Chemicals: Housing and Dining Services has switched to a supplier that can provide more environmentally friendly packaging and a greater number of Green Seal or equivalent products.  "The dishwashing chemicals we were getting from our former company were diluted and delivered in five-gallon drums," Beckstrom notes, "which meant a high amount of trash waste. They have been replaced with small capsules that are more environmentally friendly."

Dining Services is in the process of converting to as many Green Seal products as possible. "The challenge with that, of course," says Beckstrom "is that you have employees who either prefer or are used to a different item, so it is a process. We're trying to define what our campus wants when they say they want 'Green Seal' products, and (the new supplier) is doing everything it can to make sure its specifications meet that."
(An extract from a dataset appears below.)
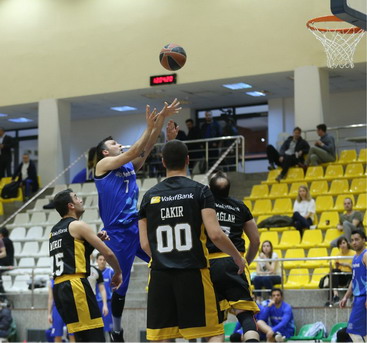 Erkek Baskebol Takımımız CBL Play-Off mücadelelerinde Yarı Finalde...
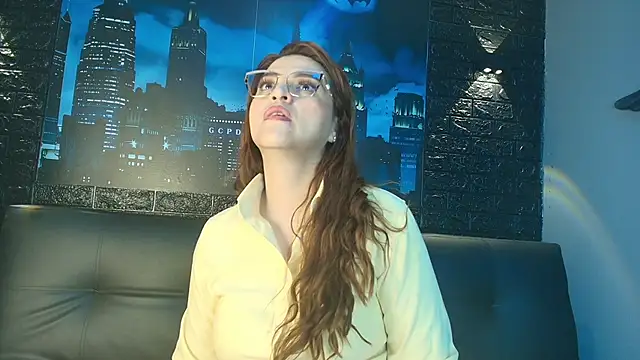 Skylar  Desire online show from October 2025 01:53:02 PM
Research and outreach: Reaching consensus on definitions isn't easy. "When you're trying to develop a strong sustainability program there are so many loose definitions," Beckstrom laments. "For instance, what's sustainable? What's organic? What's natural? What can we do, and what do our students expect us to do? What can (industry) help us with?"

To get those answers, dining services goes to the "true" experts: University of Colorado students. "For a couple of years now we have had a real good relationship with the students in an environmental class," says Beckstrom. "Each year this class researches and makes recommendations for dining services. I've seen the presentations for the past two years. They are very thoroughly researched on what we do."

The department is working with those students to define sustainable options and their importance to students' agendas. Last year, the students came up with a "the good, the bad and the ugly list for fish," Beckstrom recalls. "They also listed the fish items they want to see that support sustainability, and worked with our executive chef. A lot of their research has been very instrumental in the development of what we're doing (in terms of menu development)."

The university is also planning on switching all of its beef products to all-natural beef. Admittedly, cost is an issue. "We're finding that, again, it's expensive," Beckstrom confides. "We calculated that the switch would be another $80,000 per year, but we are committed to making these changes."

Dining Services has already committed to an increase in its $25 million annual food budget of $60,000 in order to offer more organic and natural food choices, she adds.